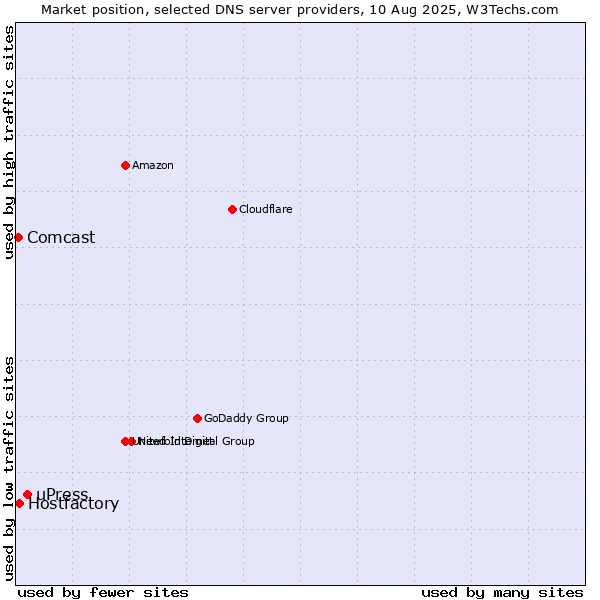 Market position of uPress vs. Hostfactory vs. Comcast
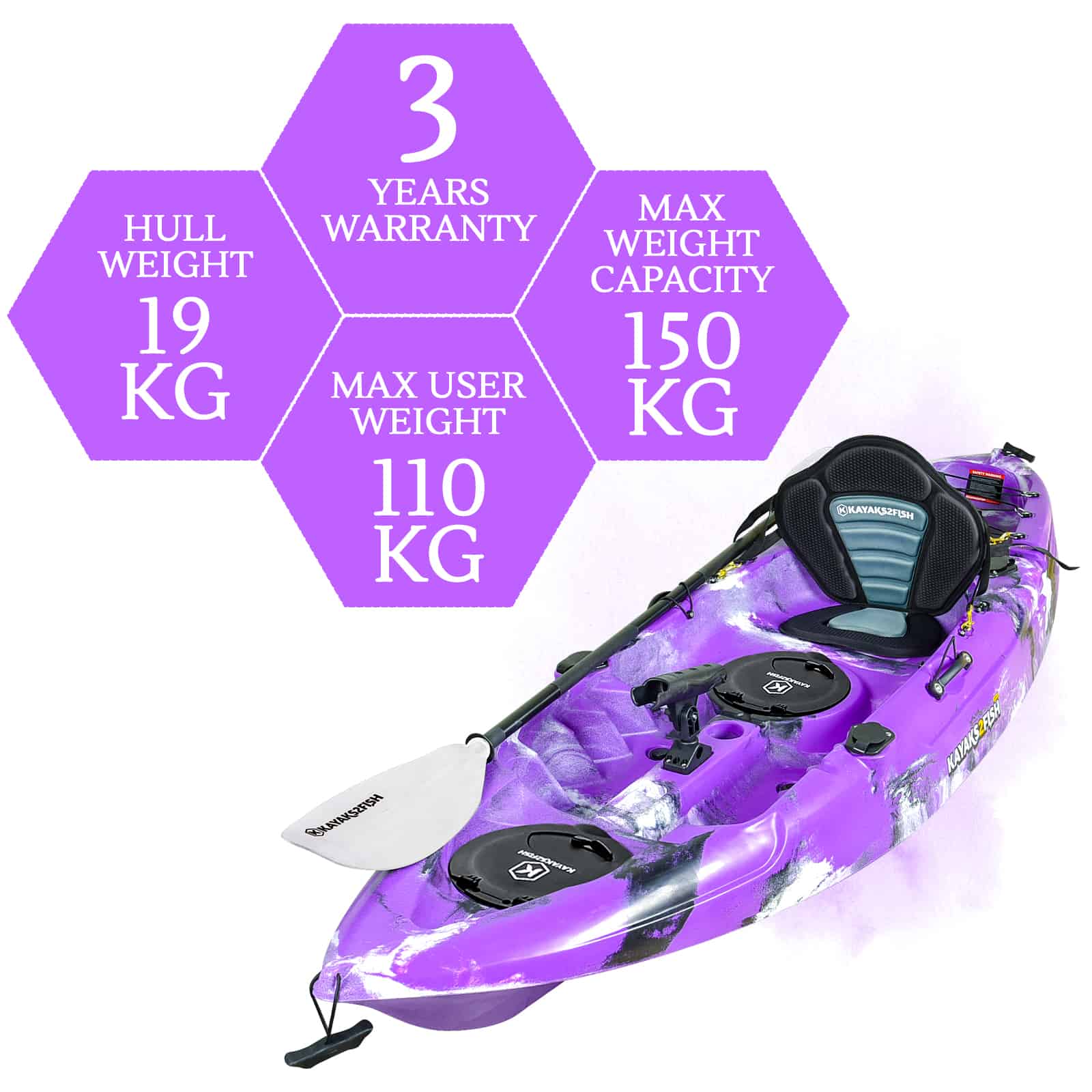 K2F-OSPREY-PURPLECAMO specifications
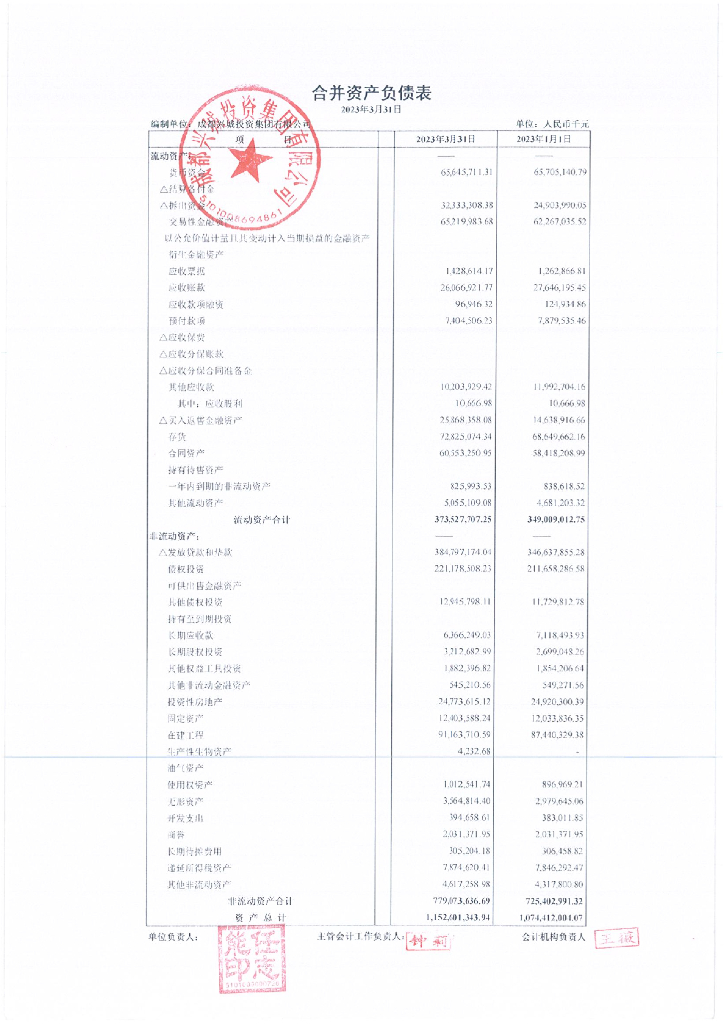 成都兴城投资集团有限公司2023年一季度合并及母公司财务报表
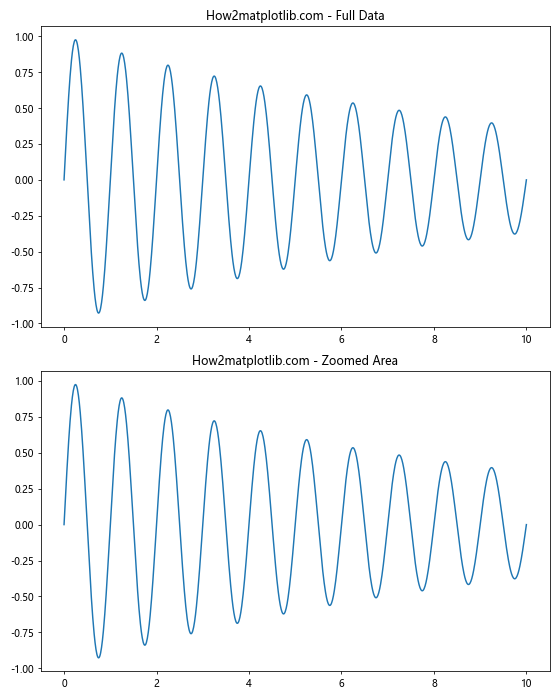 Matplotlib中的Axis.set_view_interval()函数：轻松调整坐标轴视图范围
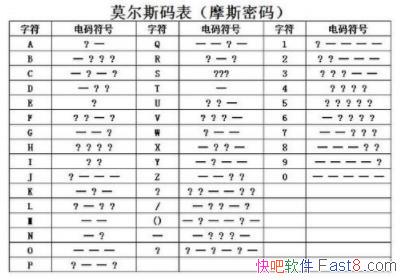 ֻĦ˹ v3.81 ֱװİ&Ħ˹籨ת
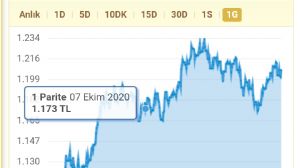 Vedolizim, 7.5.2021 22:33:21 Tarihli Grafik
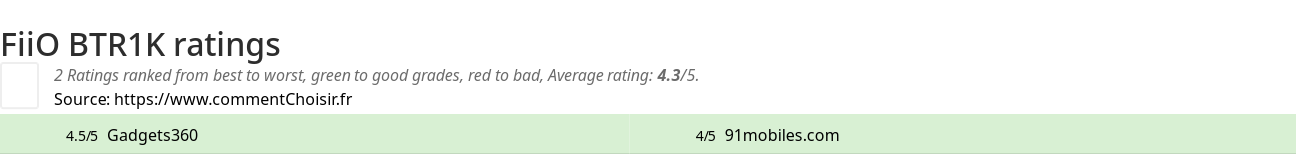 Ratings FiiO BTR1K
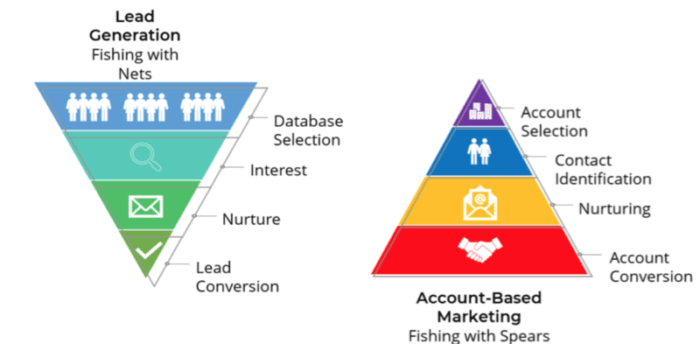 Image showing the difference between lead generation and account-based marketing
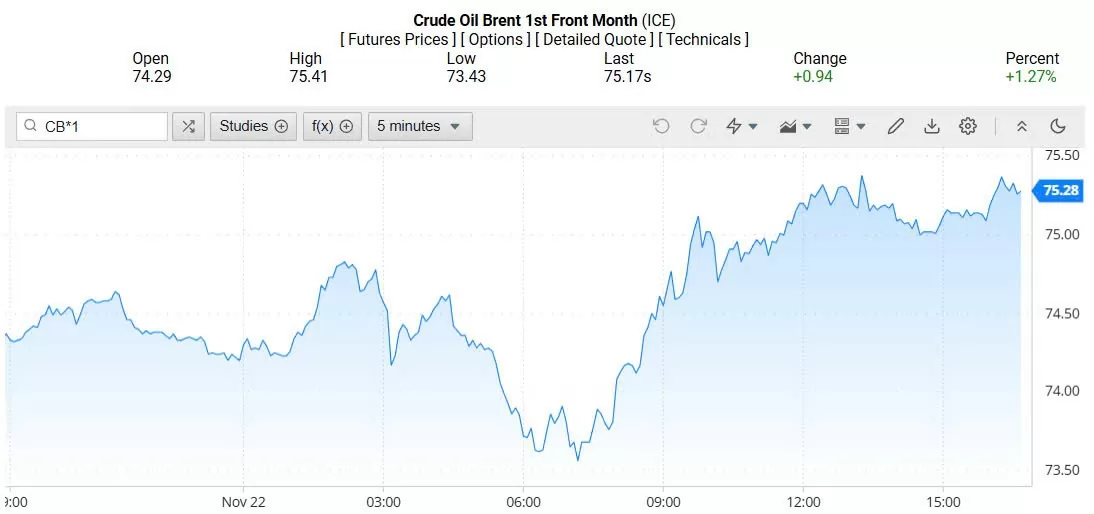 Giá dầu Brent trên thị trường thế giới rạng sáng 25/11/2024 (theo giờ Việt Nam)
--
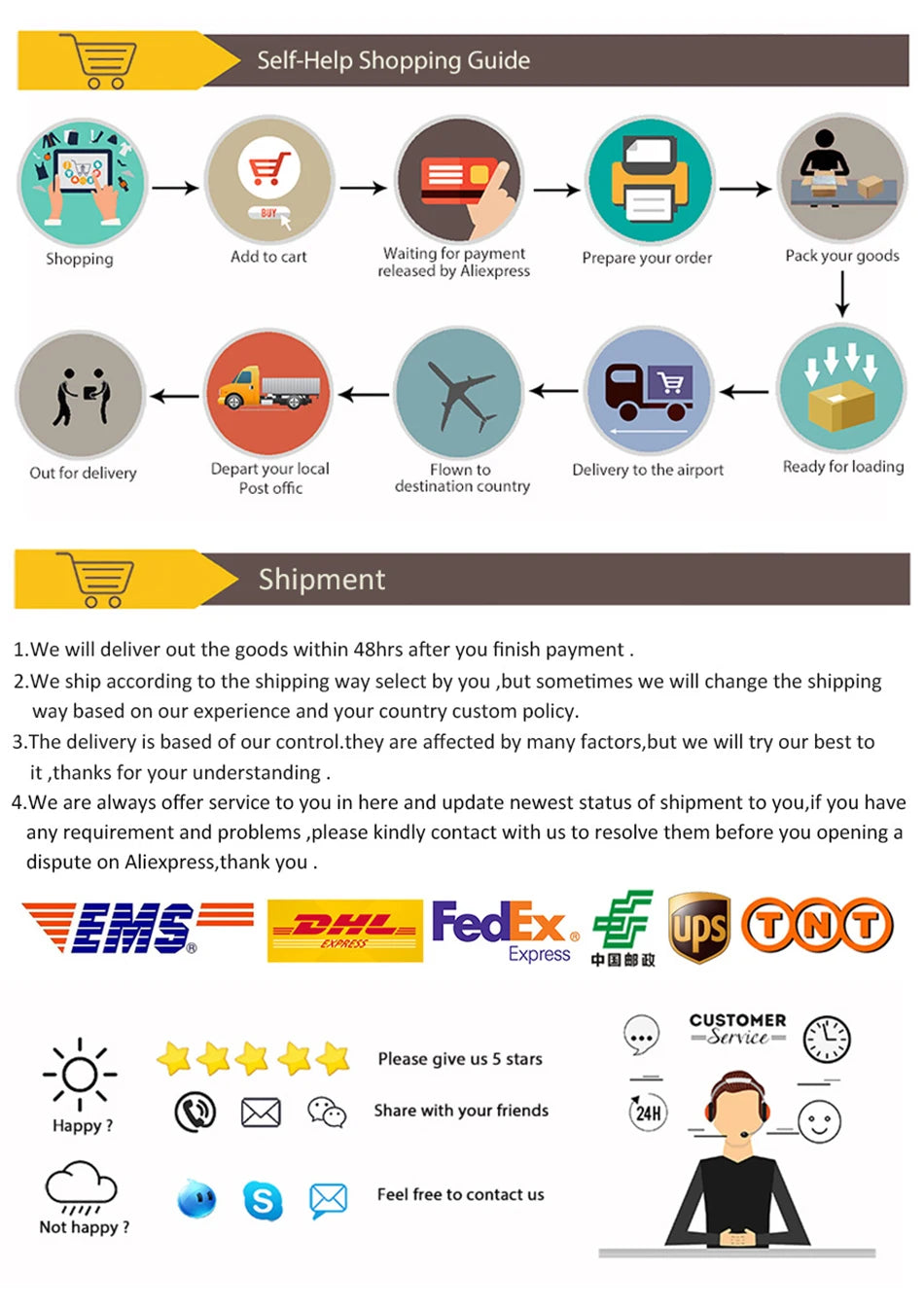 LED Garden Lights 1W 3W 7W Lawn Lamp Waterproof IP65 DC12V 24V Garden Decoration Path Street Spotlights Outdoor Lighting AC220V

■ **What you should do**: The material above holds pictures; leave them out and set down exactly the lines from the line with "Ratings FiiO BTR1K" to the line with "Giá dầu Brent", both included.

■ **Task output**:
 Ratings FiiO BTR1K
 Image showing the difference between lead generation and account-based marketing
 Giá dầu Brent trên thị trường thế giới rạng sáng 25/11/2024 (theo giờ Việt Nam)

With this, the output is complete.